Know your rights and duties as an investor

After you have complied with the KYC requirement, and are ready to start investing in mutual funds, as an investor you have several rights under Sebi's laws, rules and regulations.

At the same time, to have a smooth financial journey with the fund houses, you also have to fulfil certain duties.


Rights of an Investor:


A mutual fund offer document contains the scheme information document (SID) and a statement of additional information (SAI).

In addition, as an investor you also have the right to go through the key information document (KIM), that gives important information about the scheme you intend to invest as well as the fund house.

Email/SMS alerts:


With five working days after you have invested in a mutual fund scheme, you should receive an e-mail alert or an SMS about your investments.

The same applies for all the additional purchases that you make in the fund. 

Fund statements, periodic updates and annual reports


After you have become a investor in the fund, you are entitled to receive periodic updates from the fund house about the scheme and the fund house you have your money invested.
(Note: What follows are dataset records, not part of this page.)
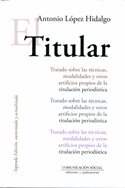 Imagen de portada del libro El titular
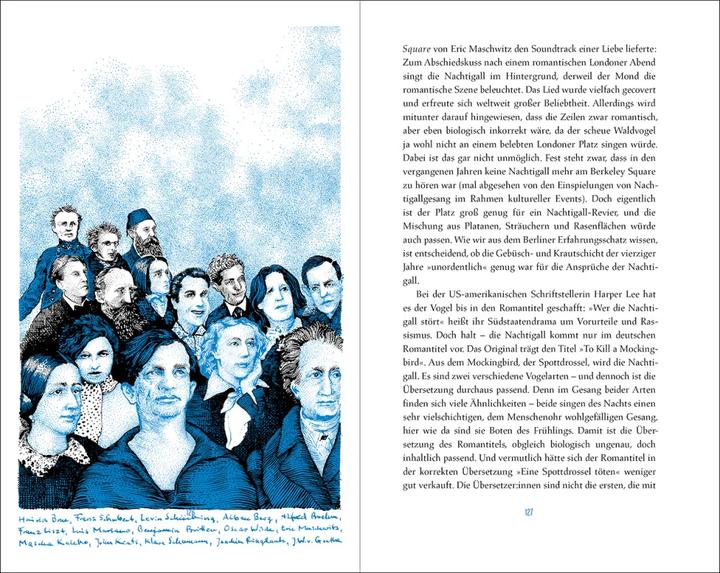 Produktbild Die Nachtigall (Deutsch, Silke Kipper, 2022)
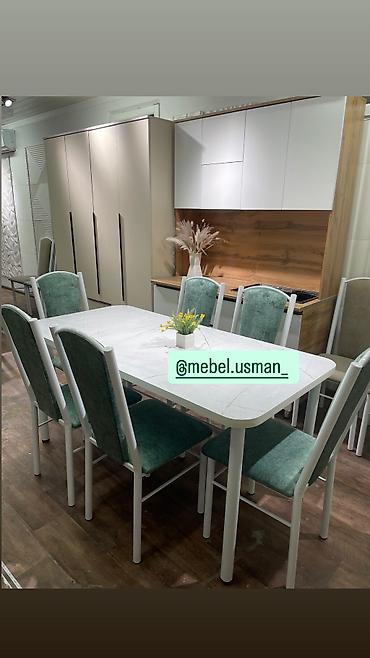 Кухонные столы и стулья: Кухонный стол и стул, Новый, Бесплатная доставка — 2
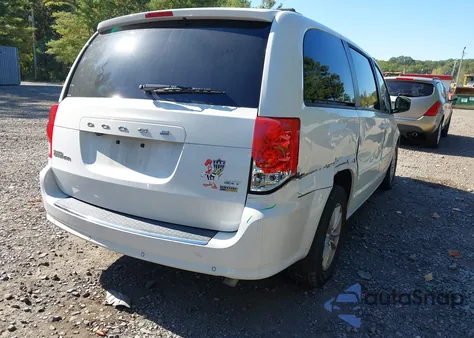 2016 Dodge Grand Caravan Sxt из США, поврежденный, VIN 2C4RDGCG5GR311047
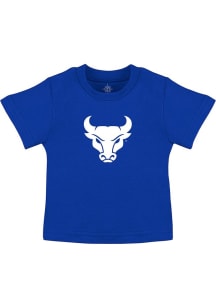 Buffalo Bulls Toddler Blue Primary Logo Short Sleeve T-Shirt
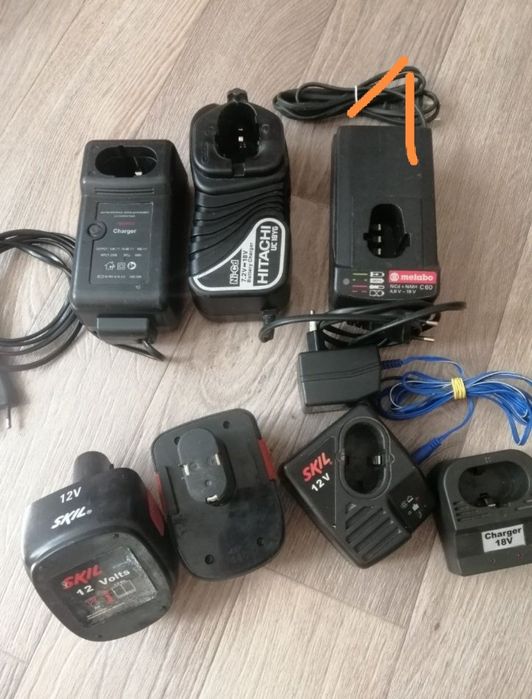 Зарядное  шуруповерта Metabo,Hitachi,Charger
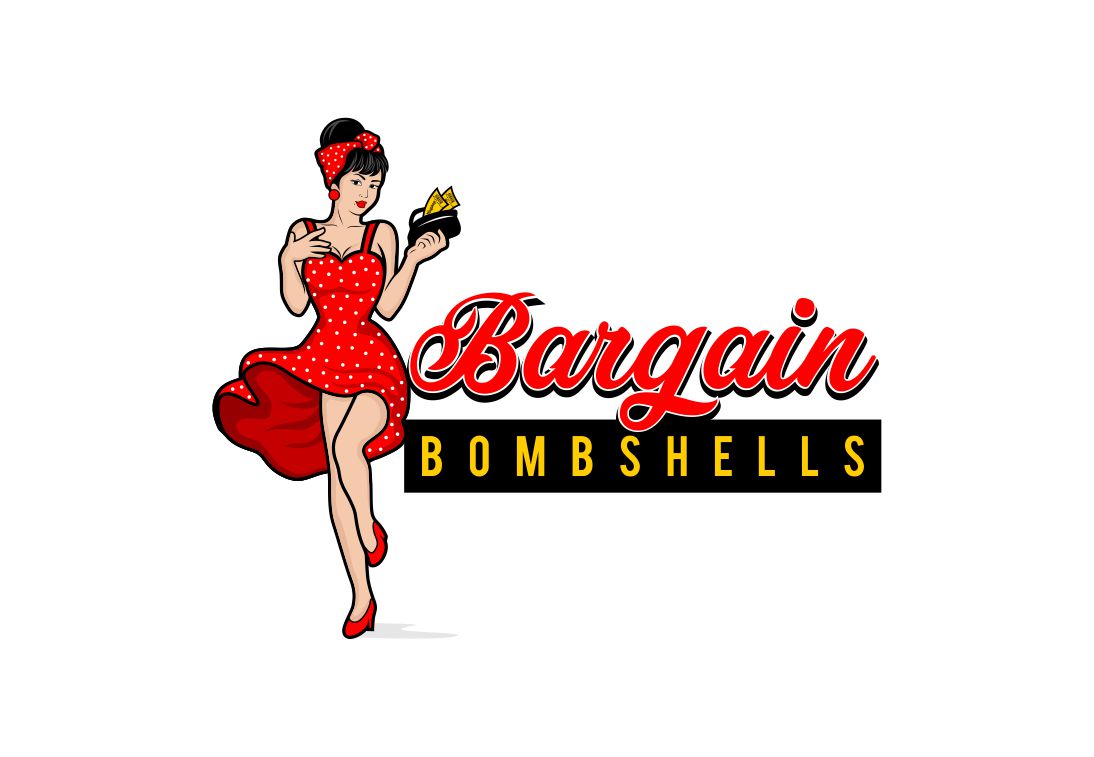 Logo Design by DesignLima for Bargain Bombshells | Design #15974991
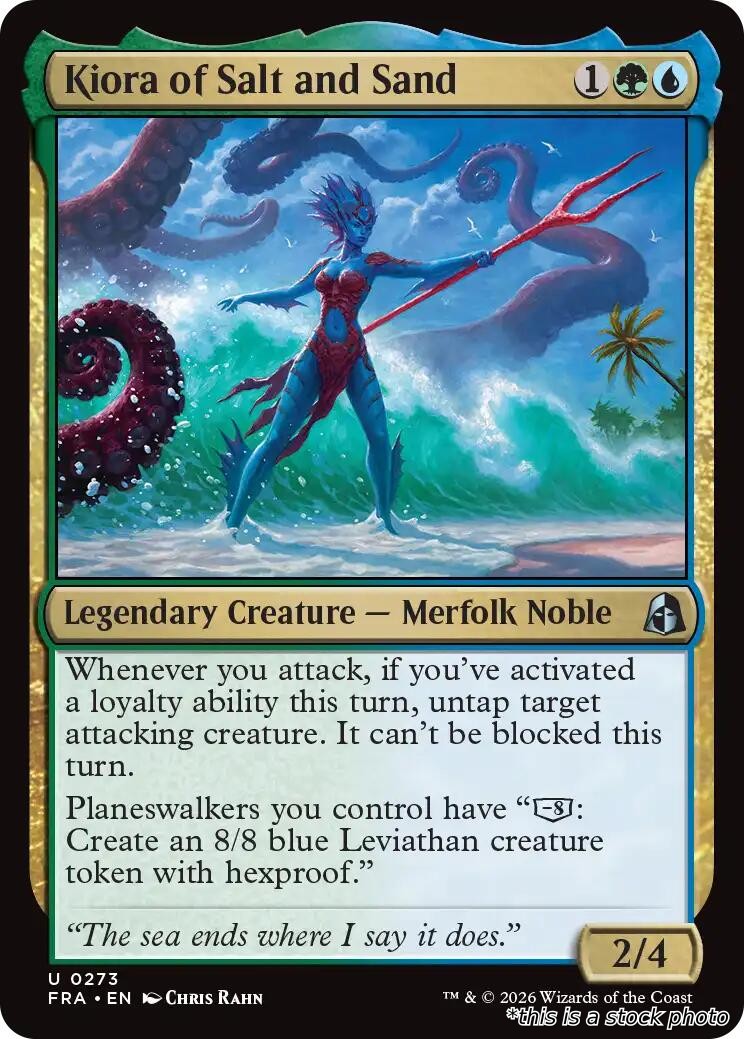 Kiora of Salt and Sand
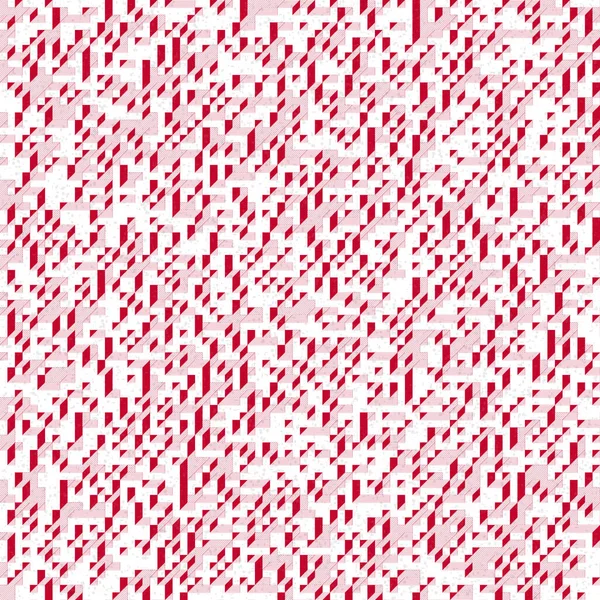 Edward Zajec 'in 1971' deki Il Cubo 'sunun uygulanması. Esasen 8 taştan oluşan bir Truchet fayans seti ve yerleştirme sanatı illüstrasyonu için kurallar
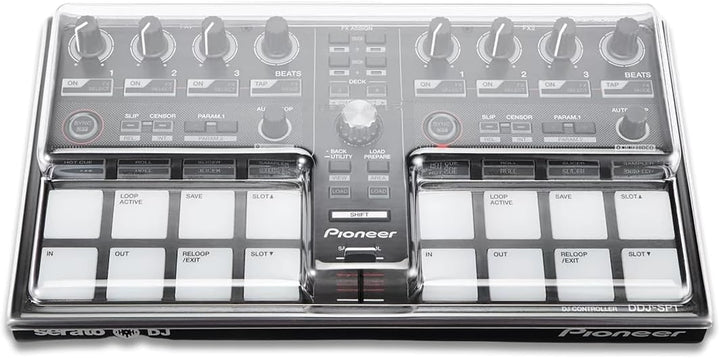 Decksaver Abdeckung für Pioneer DJ SP/XP Serie DDJ-SP1, DDJ-SP1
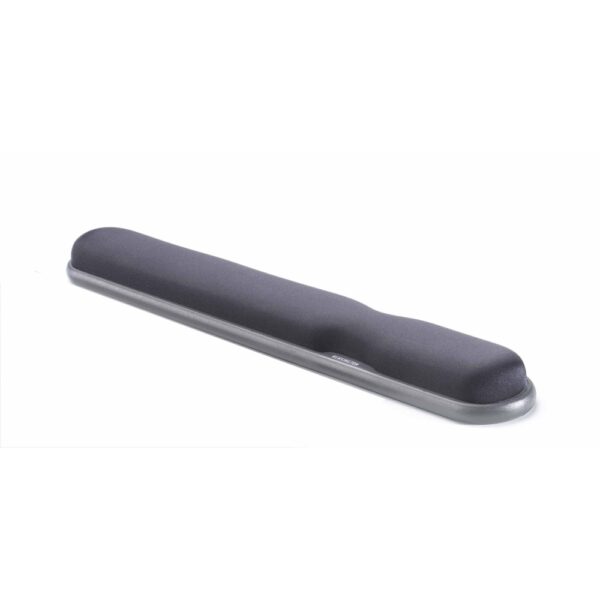 Kensington Height Adjustable Gel Keyboard Wrist Rest Black Comfort Support Grip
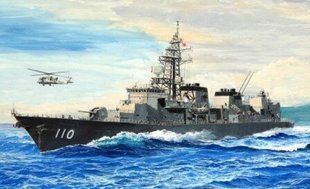 1/350 Японский фрегат JMSDF Takanami Destroyer (Trumpeter 04539) сборная модель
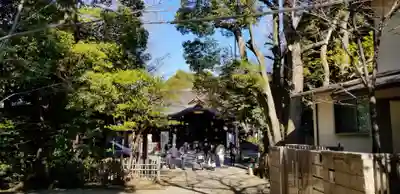 渋谷氷川神社のその他建物
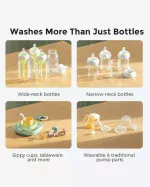 ⁦Momcozy Bottle Washer Klean Pal Pro- BS03⁩ - الصورة ⁦7⁩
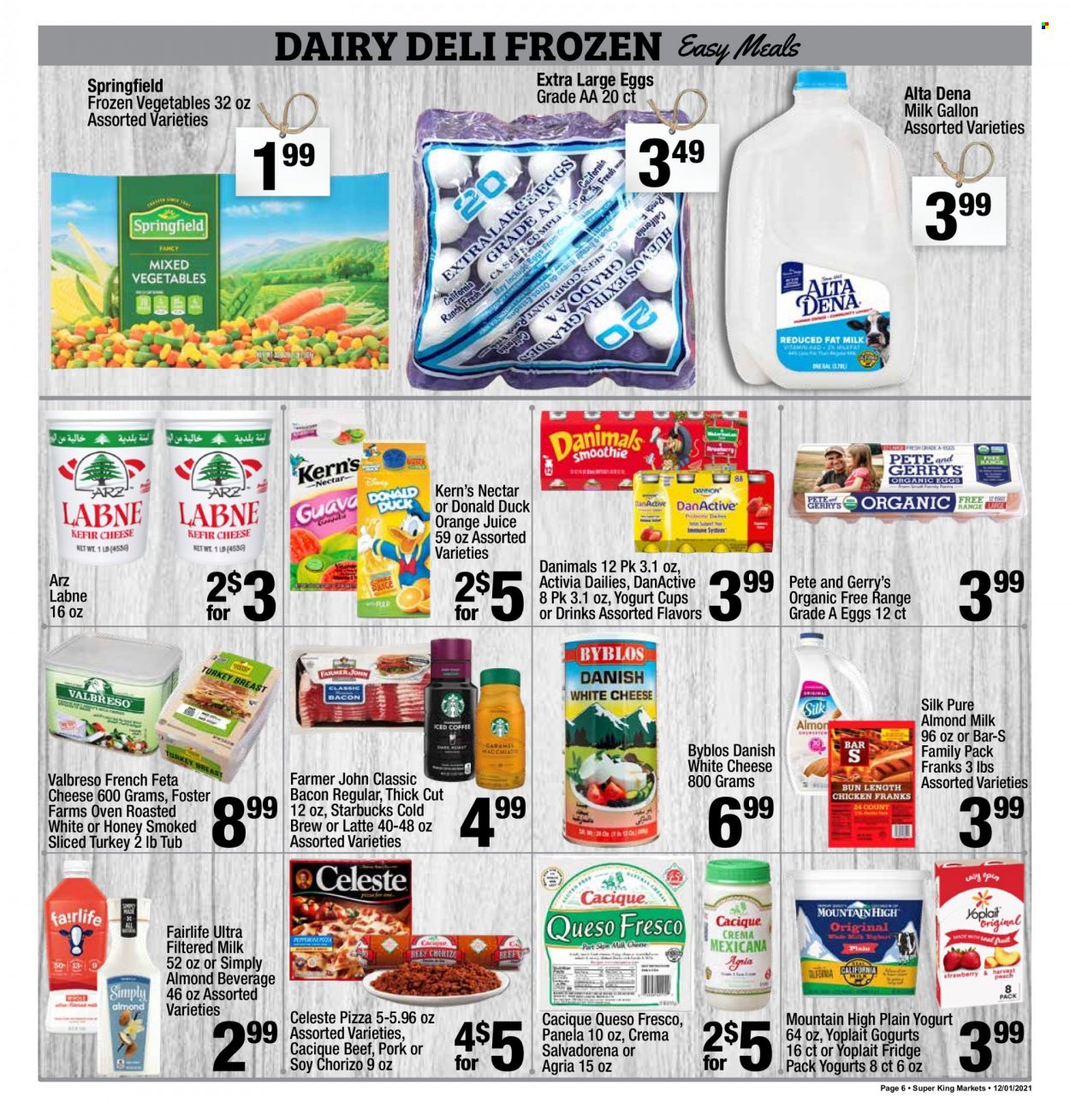Super King Markets ad - 12/01/2021 - 12/07/2021. Page 6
You should also get the fund house's annual report and updates as and when fund houses issue those.

Consolidated statements


Mutual fund investors now also get a consolidated monthly statement of all the fundrelated transactions that the investor has carried out in each of the schemes where he/she has investments.

This statement includes all investments (equity, debt, liquid, gold ETF), across all the fund houses.

However, in case there is no transaction during a particular month, the investor will not receive any consolidated statement, but will get one statement every six months.

Here the sole identifier for an investor is his/her PAN. 

Redemption and dividend payouts


You should get your redemption proceeds within 10 working days.

In case the fund house does not send the redemption proceeds within 10 working days of your instruction, you can claim interest at 15% per annum for the period of delay after the expiry of the 10th day. 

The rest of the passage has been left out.